Hi,
since Java doesn't provide a default way to do this,
what's a fast way to convert an Integer into a Byte Array?
e.g. 0xAABBCCDD => {AA, BB, CC, DD}
+11
A:
Have a look at the ByteBuffer class.
ByteBuffer b = ByteBuffer.allocate(4);
//b.order(ByteOrder.BIG_ENDIAN); // optional, the initial order of a byte buffer is always BIG_ENDIAN.
b.putInt(0xAABBCCDD);
byte[] result = b.array();
Setting the byte order ensures that result[0] == 0xAA, result[1] == 0xBB, result[2] == 0xCC and result[3] == 0xDD.
Or alternatively, you could do it manually:
byte[] toBytes(int i)
{
byte[] result = new byte[4];
result[0] = (byte) (i >> 24);
result[1] = (byte) (i >> 16);
result[2] = (byte) (i >> 8);
result[3] = (byte) (i /*>> 0*/);
return result;
}
The ByteBuffer class was designed for such dirty hands tasks though. In fact the private java.nio.Bits defines these helper methods that are used by ByteBuffer.putInt():
private static byte int3(int x) { return (byte)(x >> 24); }
private static byte int2(int x) { return (byte)(x >> 16); }
private static byte int1(int x) { return (byte)(x >> 8); }
private static byte int0(int x) { return (byte)(x >> 0); }
Gregory Pakosz
2009-12-20 20:15:02
this would work well if the bytebuffer is already there... otherwise it seems like it would take longer to do the allocation, than to just allocate a byte array of length 4 and do the shifting manually... but we're probably talking about small differences.
Jason S
2009-12-20 20:24:52
get it right first, then profile, then optimize ;)
Gregory Pakosz
2009-12-20 20:27:26
The ByteBuffer instance can be cached; and internally it's surely implemented with shifting and masking anyway.
Gregory Pakosz
2009-12-20 20:30:47
This is a perfectly fine answer. Note that big-endian is the specified default, and the methods are "chainable", and the position argument is optional, so it all reduces to:byte[] result = ByteBuffer.allocate(4).putInt(0xAABBCCDD).array();Of course, if you're doing this repeatedly and concatenating all the results together (which is common when you're doing this kind of thing), allocate a single buffer and repeatedly putFoo() all the things into it that you need -- it will keep track of the offset as you go. It's really a tremendously useful class.
Kevin Bourrillion
2009-12-22 01:06:02
@Kevin, thank you
Gregory Pakosz
2009-12-22 10:20:43
+2
A:
You can use BigInteger:
From Integers:
byte[] array = BigInteger.valueOf(0xAABBCCDD).toByteArray();
System.out.println(Arrays.toString(array))

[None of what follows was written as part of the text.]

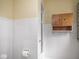 Bright bathroom with built-in wooden storage cabinet, white tile and fixtures at 1207 Pickwick Pl, Indianapolis, IN 46208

// --> {-86, -69, -52, -35 }
The returned array is of the size that is needed to represent the number, so it could be of size 1, to represent 1 for example. However, the size cannot be more than four bytes if an int is passed.
From Strings:
BigInteger v = new BigInteger("AABBCCDD", 16);
byte[] array = v.toByteArray();
However, you will need to watch out, if the first byte is higher 0x7F (as is in this case), where BigInteger would insert a 0x00 byte to the beginning of the array. This is needed to distinguish between positive and negative values.
notnoop
2009-12-20 20:18:08
thanks!But since this is BigInteger, will ints wrap around correctly? That is integers that are outside Integer.MAX_VALUE but can still be represented with only 4 bytes?
Buttercup
2009-12-20 20:22:34
This is not a good option. Not only it may add 0x00 byte, it may also strip leading zeros.
ZZ Coder
2009-12-20 20:26:57
+2
A:
Using BigInteger:
private byte[] bigIntToByteArray( final int i ) {
BigInteger bigInt = BigInteger.valueOf(i);
return bigInt.toByteArray();
}
Using DataOutputStream:
private byte[] intToByteArray ( final int i ) throws IOException {
ByteArrayOutputStream bos = new ByteArrayOutputStream();
DataOutputStream dos = new DataOutputStream(bos);
dos.writeInt(i);
dos.flush();
return bos.toByteArray();
}
Using ByteBuffer:
public byte[] intToBytes( final int i ) {
ByteBuffer bb = ByteBuffer.allocate(4);
bb.putInt(i);
return bb.array();
}
Pascal Thivent
2009-12-20 20:27:05